As a “blind witness” who claimed to have no knowledge of Nardi’s case, McAllister spoke generally about sexual-abuse patterns relying on data stemming from many years of research.

She said that within intimate male-female relationships, women are far more likely to be sexually or physically abused than men, although she had dealt with cases in which the man was the victim.

McAllister said domestic abuse usually involves a pattern of behavior to establish power and control over another person. It can involve emotional and psychological abuse, threats involving financial control, harm to other people the victim cares about, threats to victim’s reputation and cutting off contact with a person’s support systems, such as friends and family.

It also can involve stalking a person, following them or trying to keep some kind of control over the other person on a regular basis.
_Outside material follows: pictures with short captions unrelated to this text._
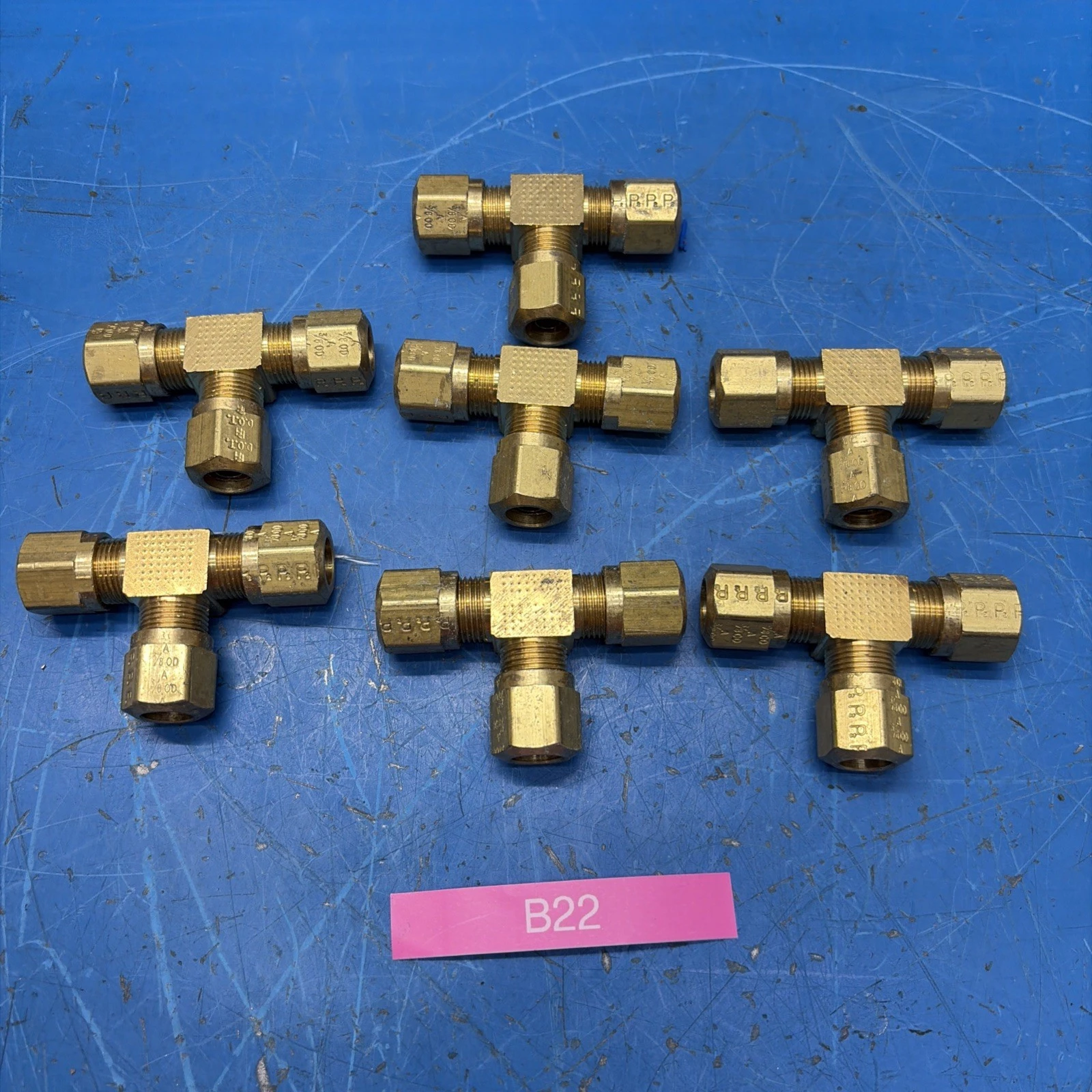 (7) Brass Tee Fittings 3/8 OD NNB Fast 🇺🇸 Shipping + Warranty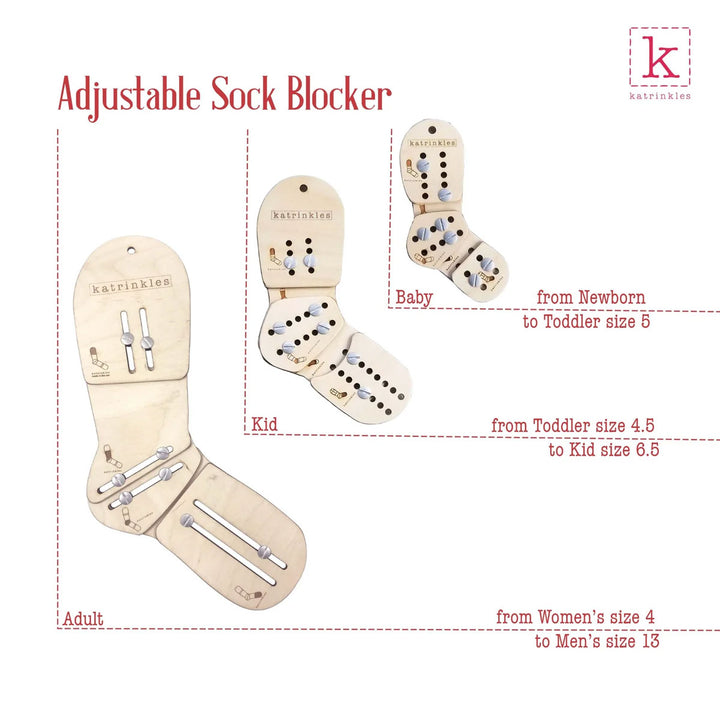 Katrinkles Tools - Adjustable Sock Blockers - Extra Image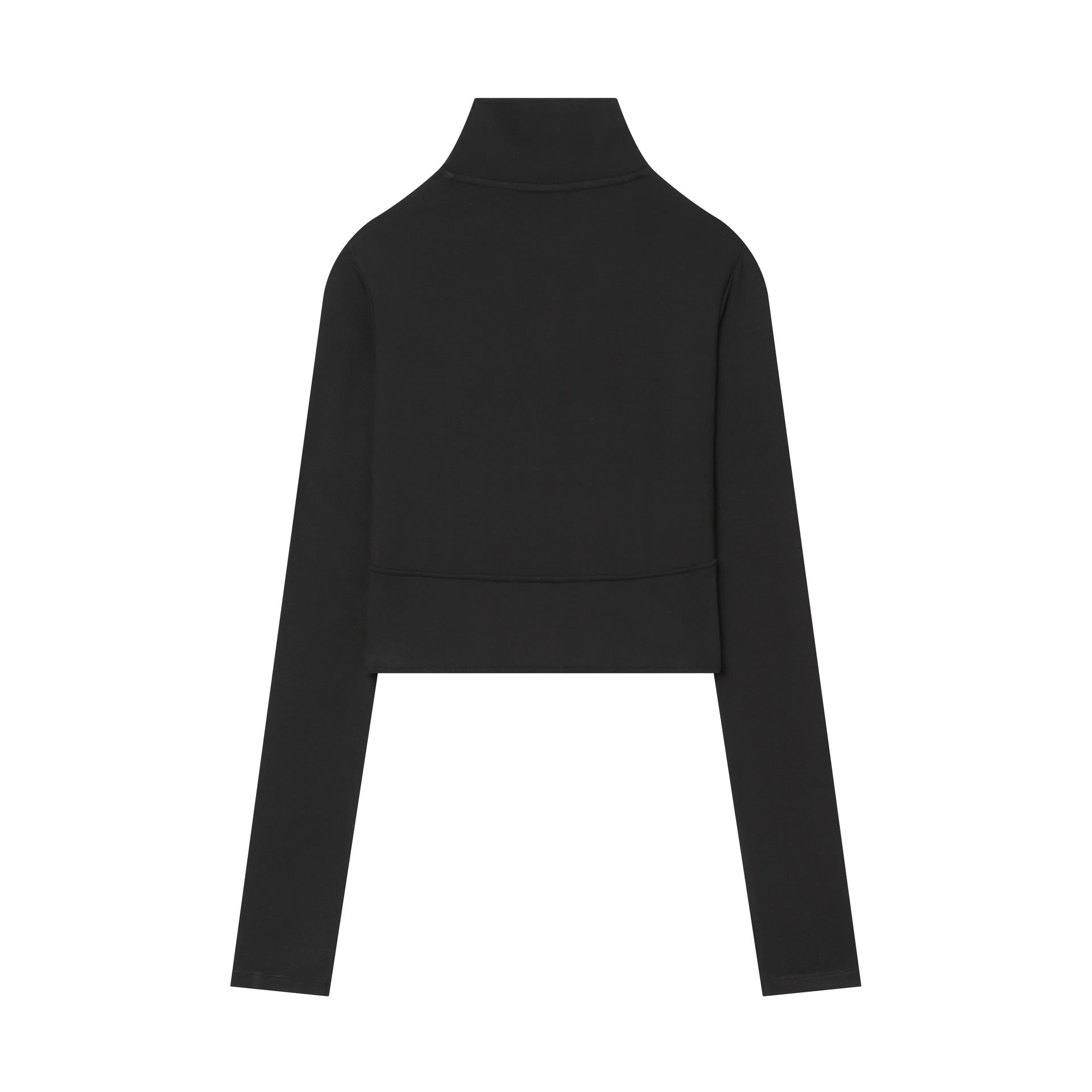 Women's Cropped Sweat Jacket with High Stand-Up Collar, Full-Zip and Tailored Peplum Look Chichicherry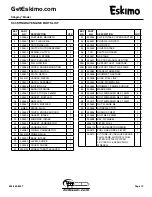 Предварительный просмотр 13 страницы Eskimo StingRay S33Q8 Assembly Instructions & Parts Explosions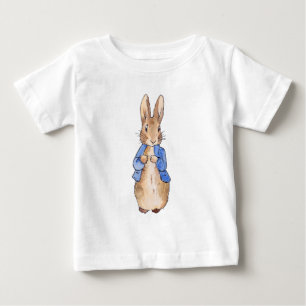 Klassischer Hase in blauer Jacke Baby T-shirt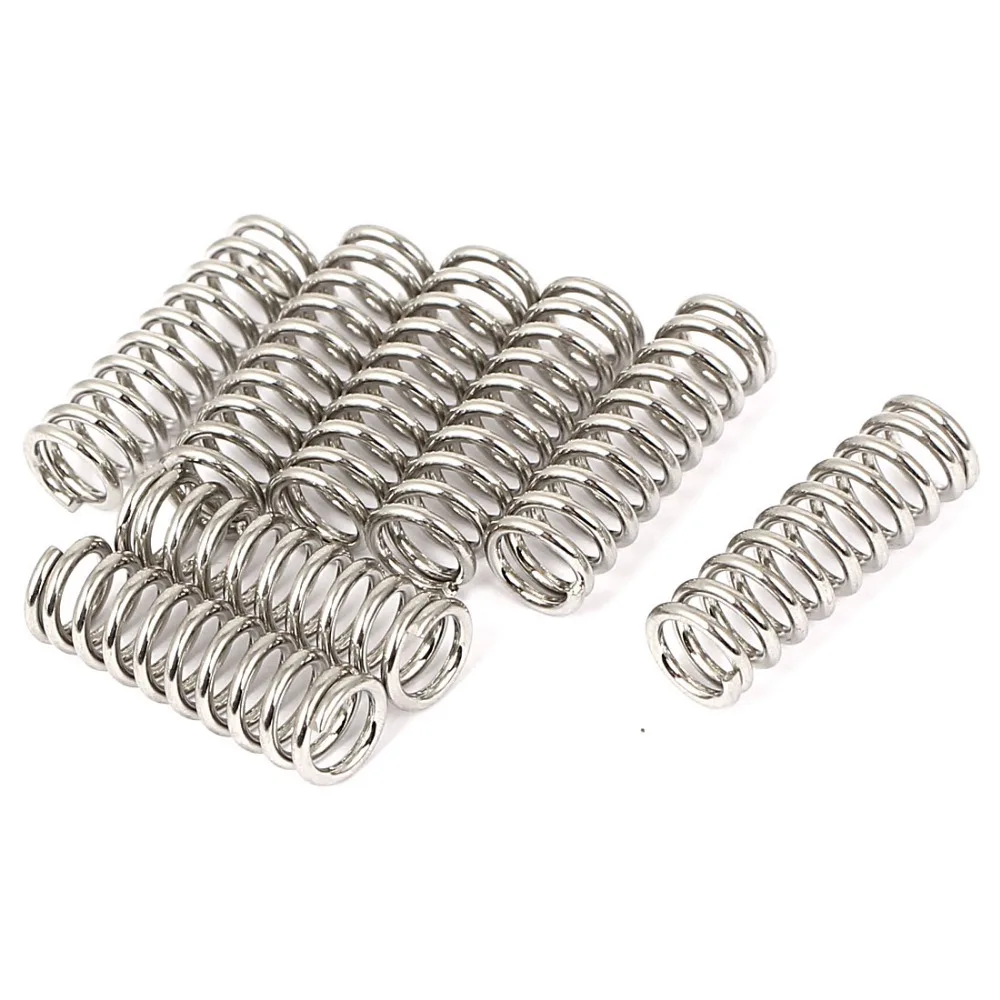 Uxcell New Hot 7pcs Metal Dual Hook Small Tension Spring Silver Tone 8mmx1.2mmx25mm Compression Springs Hardware Accessories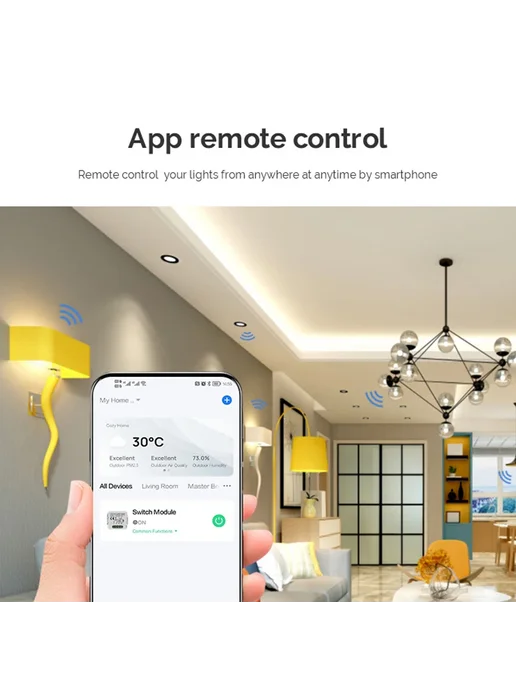 Диммер Zigbee 2 Gang, белый, белый, фото 6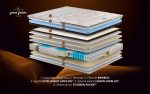 Saltea Feeling Luxury Brown 160x200 cm, H 30 cm, Multipocket, Latex - imagine 3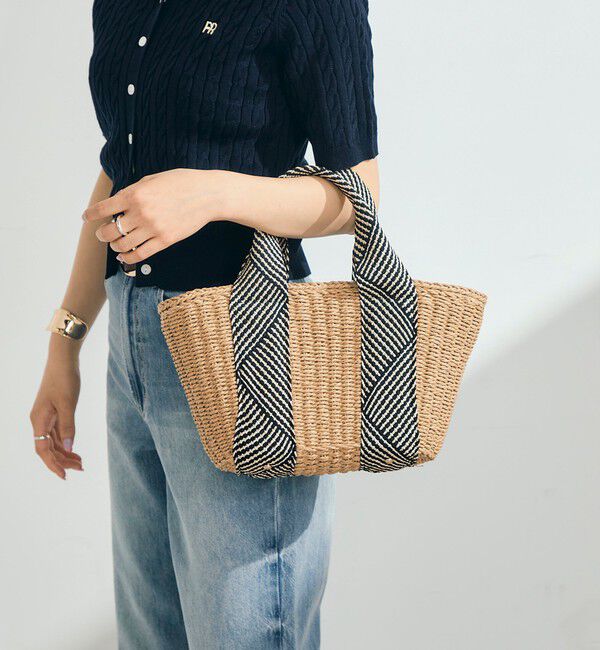 fredy emue「ラメテープハンドルカゴバッグ」|かごバッグ|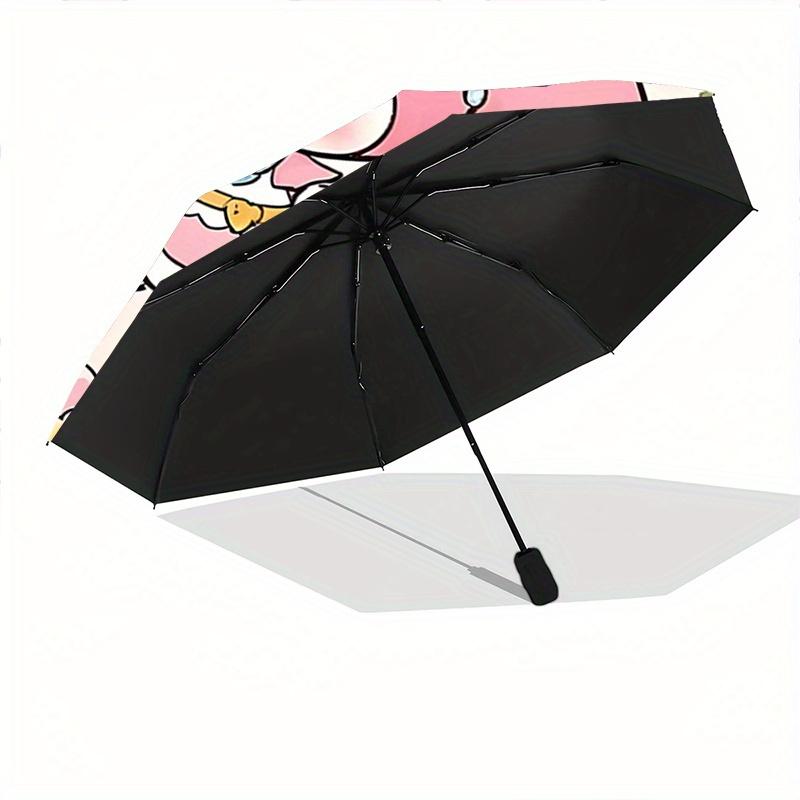 1pc Pink My Melody Automatic Opening and Closing Umbrella - Lightweight 3-Fold Design, Suitable for Fans, Travel, Daily Use - Official Product, Intere
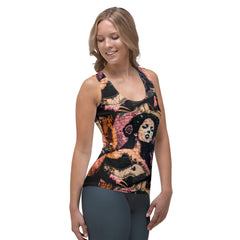Setting The Mood Right Sublimation Cut & Sew Tank Top - Beyond T-shirts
Offenders often act differently in public than in private settings, so spotting a sex offender “on the street” is highly unlikely.

The victim has testified that Nardi aggressively sought to control her whereabouts, asking her to text him with photographs of where she was hanging out, even when she was in Texas and he was in Colorado. He also sought to limit her conversations and social activities, even when she was interacting with his friends and acquaintances.

A common misperception in society is that there is a lot of false reporting of sexual assault, McAllister said.

“We find that false reports are very rare, and they are almost always about strangers,” she said.